Sunday, 27 June 2010

Slaying the monster

Here's an early post revisited more than a year down the line. I thought I'd update it just to show the full evolution of a page from my scrappy sketches to the finished work of brilliance as crafted by Leo and Nikos.Like a lot of writers, I spend more time than is healthy musing on (read: fretting over) the whole creative process. And it always helps when you find something that reminds you other writers find that a long, hard road too - at least if they're doing it right. Thank God for a guy like William Goldman, who's always ready to jump into the foxhole and put a supporting arm around your shoulders. Which Lie Did I Tell? - that's my Gideon bible.

While obsessing about dialogue, which in comics has different requirements from both prose and screen, I came across this quote from Deborah Moggach on adapting Pride & Prejudice into a movie script:
'Film acting is all about reacting. It’s about the unsaid, and it relies on tapping into the heart of the story. For instance, in the opening scene, where the Bennet family is aflutter with news of Mr Bingley’s arrival, Elizabeth has little to say on the page. In the film, however, we can’t take our eyes off her because the camera picks up her reactions and holds on her stillness in the middle of a busy room.

'Films are deeply connected to the subconscious, and screenplays reflect this. It’s all subtext, and a good director and actors know what a scene is really saying. When Elizabeth bumps into Darcy at Pemberley they have the most stilted, dull exchange. “I thought you were in London.” “No, I’m not.”

'Watching it is almost unbearable, however, because they’re both in torment. Their faces betray their feelings. We’ve come on a long journey with them by this time, and the scene is poignant with what is not put into words. A novelist is terribly tempted to over-write a scene.'
That's the reason I draw my little sketch layouts before finalizing the dialogue. For us control freaks it's actually better than movie making, because you get to look at how your dialogue is working and you have total freedom to change it.
And then often I change bits of dialogue again when the art comes back from Leo, because he will have put in some nuances of performance that means a line of dialogue isn't needed after all.
Mirabilis is pretty heavy on dialogue compared with some comics.

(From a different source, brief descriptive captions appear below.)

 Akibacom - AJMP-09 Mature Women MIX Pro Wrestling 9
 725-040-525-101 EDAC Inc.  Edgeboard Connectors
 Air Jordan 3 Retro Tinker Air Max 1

We mean it to be. We want this epic of ours to be a read with plenty of meat to it. A broad canvas kind of story with a big cast of characters and the room to introduce them all. We intend for it to be a series you'll keep and return to many times, each time finding something you didn't notice before. It's not the kind of comic you read once and forget.

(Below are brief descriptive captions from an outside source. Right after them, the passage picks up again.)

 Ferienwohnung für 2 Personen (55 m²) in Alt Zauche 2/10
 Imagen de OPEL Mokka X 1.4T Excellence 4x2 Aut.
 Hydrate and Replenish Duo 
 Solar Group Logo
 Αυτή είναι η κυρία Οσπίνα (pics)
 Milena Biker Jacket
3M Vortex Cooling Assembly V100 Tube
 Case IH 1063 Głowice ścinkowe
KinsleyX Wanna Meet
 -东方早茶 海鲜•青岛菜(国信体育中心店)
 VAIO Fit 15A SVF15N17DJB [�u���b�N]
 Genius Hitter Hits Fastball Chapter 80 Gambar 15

And on that note we hope to have some very exciting news for you in the next couple of weeks. Don't go away.


  1. I love this sort of posting Dave - a look under the skin of the creative process. I'm amazed at how closely Leo's artwork remains to your initial layout without Leo sacrificing any of his own inventiveness.

    The results are stupendous it has to be said.

    Meanwhile I'm aorting out a bucket of ice for the celebratory Mirabilis champagne!

  2. I try to save Leo work with my layouts, Peter, being ever-conscious that the pencils and inks put a big enough task as it is onto his shoulders alone. He doesn't follow them slavishly, of course. His switch in panel 3 to a view outside the window is a major improvement, for instance, but I like to think that by doing a detailed first-pass I give him more creative room to consider refinements like that. Martin and I worked in the same way on "A Wrong Turning", the unfortunately still-unfinished Halloween story.

    Truth be told, I wouldn't know how to just deliver a text-only script the way many comics authors do. I need to block out the scenes and get some sense of the characters' surroundings or I can't write their lines. At heart I'm a director :)

    Last week I sent Leo a customized bottle of champagne with the green Big Ben dragon label reading: "Château Mirabilis - l'année de la comète". I hope he remembers to get some photos when we crack that open!

  3. Ohhh definitely Dave!

    3-D photos of raised glasses of Chateau Mirabilis with aromavision thrown in.

  4. Thanks for this posting - I too enjoy the "making of" glimpses behind the scenes, and this is a great one.